En somme, au point de vue littéraire, si l'on en juge par ce que l'on connaît déjà, la découverte n'a pas été aussi importante qu'on eût pu l'espérer tout d'abord.

Malgré les résultats considérables amenés par les recherches entreprises au dix-huitième siècle, les fouilles furent suspendues à Herculanum, dès que Pompéi fut découverte. Le peu qui en avait été fait, d'ailleurs, ne donna pas lieu de regretter qu'elles n'aient point été poursuivies à cette époque. Si nous en croyons Winkelmann, elles avaient été conduites dans le plus déplorable esprit. A titre de preuves, nous lui emprunterons l'anecdote suivante : «Au-dessus du théâtre, dit l'antiquaire allemand, il y avait un quadrige, c'est-à-dire un char attelé de quatre chevaux ; la figure placée dans le char était de grandeur naturelle ; ce monument était de bronze doré et l'on voit encore la base de marbre blanc sur laquelle il était assis. Quelques personnes assurent qu'au lieu d'être un char à quatre chevaux, il y en avait trois à deux chevaux chacun ; variété dans les rapports qui prouve le peu d'intelligence et de soin de ceux qui ont conduit cette fouille. Ces ouvrages de sculpture, comme on le croira sans peine, avaient été renversés par la lave, écrasés, mutilés ; cependant quand on les a découverts toutes les pièces existaient encore. Mais de quelle façon s'est-on conduit lorsqu'on a recueilli ces précieux débris ? On les mit pêle-mêle sur un chariot qui les transporta à Naples ; on les déchargea dans la cour du château, où ils furent jetés indistinctement dans un coin. Ce métal demeura longtemps dans cet endroit, regardé comme de la vieille ferraille ; ce ne fut que lorsqu'on se fut aperçu que plusieurs morceaux manquaient pour avoir été dérobés, qu'on résolut de mettre en honneur ce qui en restait, et voici en quoi l'on fit consister cet honneur ; on fondit une grande partie du métal pour former en grand les deux bustes du roi et de la reine !»

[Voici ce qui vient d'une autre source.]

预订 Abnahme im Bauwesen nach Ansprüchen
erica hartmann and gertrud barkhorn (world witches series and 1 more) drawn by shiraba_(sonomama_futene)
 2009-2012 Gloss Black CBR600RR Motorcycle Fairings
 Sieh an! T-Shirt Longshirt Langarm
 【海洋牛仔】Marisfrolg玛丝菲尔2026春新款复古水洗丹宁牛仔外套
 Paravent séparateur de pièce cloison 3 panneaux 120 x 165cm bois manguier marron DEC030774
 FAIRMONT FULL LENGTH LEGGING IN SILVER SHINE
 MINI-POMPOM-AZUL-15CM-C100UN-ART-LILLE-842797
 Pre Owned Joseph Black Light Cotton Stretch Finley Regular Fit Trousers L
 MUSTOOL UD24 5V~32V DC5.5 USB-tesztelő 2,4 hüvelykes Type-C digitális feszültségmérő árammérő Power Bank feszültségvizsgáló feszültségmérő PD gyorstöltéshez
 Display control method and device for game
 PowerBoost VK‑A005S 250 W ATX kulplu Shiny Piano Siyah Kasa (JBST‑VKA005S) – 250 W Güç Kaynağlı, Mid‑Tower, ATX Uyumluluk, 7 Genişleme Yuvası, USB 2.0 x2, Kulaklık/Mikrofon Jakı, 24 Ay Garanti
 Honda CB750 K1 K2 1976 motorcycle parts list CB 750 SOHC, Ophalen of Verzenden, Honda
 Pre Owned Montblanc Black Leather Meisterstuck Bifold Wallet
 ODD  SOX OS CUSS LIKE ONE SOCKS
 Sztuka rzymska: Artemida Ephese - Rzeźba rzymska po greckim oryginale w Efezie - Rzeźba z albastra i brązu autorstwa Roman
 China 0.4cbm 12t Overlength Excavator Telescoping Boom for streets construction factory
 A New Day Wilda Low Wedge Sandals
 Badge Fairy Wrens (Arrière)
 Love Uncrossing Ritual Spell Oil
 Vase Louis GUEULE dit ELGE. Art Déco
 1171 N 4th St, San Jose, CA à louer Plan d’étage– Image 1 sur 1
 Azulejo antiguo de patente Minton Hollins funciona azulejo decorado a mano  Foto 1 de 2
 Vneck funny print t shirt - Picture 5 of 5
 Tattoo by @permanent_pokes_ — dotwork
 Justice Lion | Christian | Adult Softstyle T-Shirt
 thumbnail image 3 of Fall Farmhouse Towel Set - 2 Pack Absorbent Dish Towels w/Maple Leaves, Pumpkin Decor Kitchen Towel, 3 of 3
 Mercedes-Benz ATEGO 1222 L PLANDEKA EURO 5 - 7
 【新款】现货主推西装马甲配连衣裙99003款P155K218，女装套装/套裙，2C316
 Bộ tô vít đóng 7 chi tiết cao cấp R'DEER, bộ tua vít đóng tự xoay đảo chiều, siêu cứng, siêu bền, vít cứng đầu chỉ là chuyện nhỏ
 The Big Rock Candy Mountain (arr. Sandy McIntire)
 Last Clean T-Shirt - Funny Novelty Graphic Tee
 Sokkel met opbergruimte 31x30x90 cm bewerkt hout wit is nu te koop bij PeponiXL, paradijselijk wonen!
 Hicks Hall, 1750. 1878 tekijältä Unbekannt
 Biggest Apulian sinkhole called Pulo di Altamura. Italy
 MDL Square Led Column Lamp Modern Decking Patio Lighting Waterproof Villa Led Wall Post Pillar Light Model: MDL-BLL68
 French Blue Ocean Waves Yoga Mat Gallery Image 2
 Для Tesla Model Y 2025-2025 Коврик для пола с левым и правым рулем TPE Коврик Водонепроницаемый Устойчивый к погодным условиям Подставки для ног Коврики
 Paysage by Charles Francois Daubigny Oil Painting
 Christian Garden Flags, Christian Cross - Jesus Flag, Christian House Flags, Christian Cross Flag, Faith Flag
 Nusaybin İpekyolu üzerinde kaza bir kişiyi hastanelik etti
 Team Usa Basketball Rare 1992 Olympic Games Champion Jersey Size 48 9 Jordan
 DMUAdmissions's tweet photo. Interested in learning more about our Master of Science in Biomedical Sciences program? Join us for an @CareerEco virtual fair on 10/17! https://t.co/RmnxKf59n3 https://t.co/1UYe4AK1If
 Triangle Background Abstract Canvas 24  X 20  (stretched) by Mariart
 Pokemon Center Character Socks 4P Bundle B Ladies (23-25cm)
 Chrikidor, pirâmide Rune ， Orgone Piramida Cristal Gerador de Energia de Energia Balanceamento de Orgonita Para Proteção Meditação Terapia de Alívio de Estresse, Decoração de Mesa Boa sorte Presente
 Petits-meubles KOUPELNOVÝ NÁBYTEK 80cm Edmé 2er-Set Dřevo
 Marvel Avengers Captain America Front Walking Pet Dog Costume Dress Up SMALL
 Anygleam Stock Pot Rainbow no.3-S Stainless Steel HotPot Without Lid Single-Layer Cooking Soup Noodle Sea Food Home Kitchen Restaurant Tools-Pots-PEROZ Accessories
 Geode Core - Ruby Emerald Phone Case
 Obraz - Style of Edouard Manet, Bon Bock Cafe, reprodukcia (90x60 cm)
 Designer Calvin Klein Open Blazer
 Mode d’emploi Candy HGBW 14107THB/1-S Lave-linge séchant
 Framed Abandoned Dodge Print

Cependant, à une époque plus moderne, on a repris le travail des fouilles à Herculanum. Cette nouvelle entreprise date de 1828, on a pu découvrir ainsi les rues qui conduisaient au théâtre et quelques maisons importantes, en particulier, la maison d'Argus, ainsi nommée d'une belle peinture représentant Mercure devant Argus et Io. On a pu compléter aussi les études sur le théâtre, et surtout remarquer combien les fouilles d'Herculanum pourraient produire de résultats supérieurs à ceux de Pompéi, du moins au point de vue de l'art et de la parfaite conservation. Mais le travail ici sera pénible. Et il ne nous reste plus qu'à nous associer au voeu récemment formulé par un critique, que quelque riche archéologue s'applique à la recherche des antiquités d'Herculanum. Il y a une ville moderne à démolir, beaucoup d'argent à dépenser et, certainement «beaucoup de gloire à acquérir».